This is the pre-reading for the 12th episode in a series of conversations exploring how to relate better to not-knowing.
tl;dr: A mindset for not-knowing helps us avoid sleepwalking into using the same old risk-based approaches for dealing with partial knowledge. Instead, this mindset brings clarity about the variety of non-risk types of not-knowing and how each type arises. This, in turn highlights how each type demands a different broad approach to taking action. These broad approaches are summarised in the figure below:
Why bother thinking about mindsets, approaches, and tools for not-knowing?
My reasoning is rooted in the problem we have faced so far: we choose tools for dealing with partial knowledge without considering whether the tools are appropriate for the work they must do.

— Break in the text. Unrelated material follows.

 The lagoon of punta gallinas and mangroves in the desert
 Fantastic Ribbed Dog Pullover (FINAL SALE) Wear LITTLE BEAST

To take only one example of such sleepwalking: consider how a risk assessment was unwisely chosen as a key decisionmaking tool in a situation that was truly uncertain.
Risk assessments only work well for decisionmaking when what’s unknown is well-understood and accurately quantifiable — in other words, risk assessments are only appropriate as a decisionmaking tool when the partial knowledge situation is one of formal quantifiable risk.)
One antidote to this problem — the problem of sleepwalking into choosing inappropriate tools — is to be clear and explicit about beginning from a mindset for not-knowing, then moving to exploring approaches that are consistent with such a mindset, before finally identifying tools that fit with those approaches.
A mindset for not-knowing is essentially an explicit recognition that there are different types of not-knowing, only one of which is formal risk. (Read more on a mindset for not-knowing.)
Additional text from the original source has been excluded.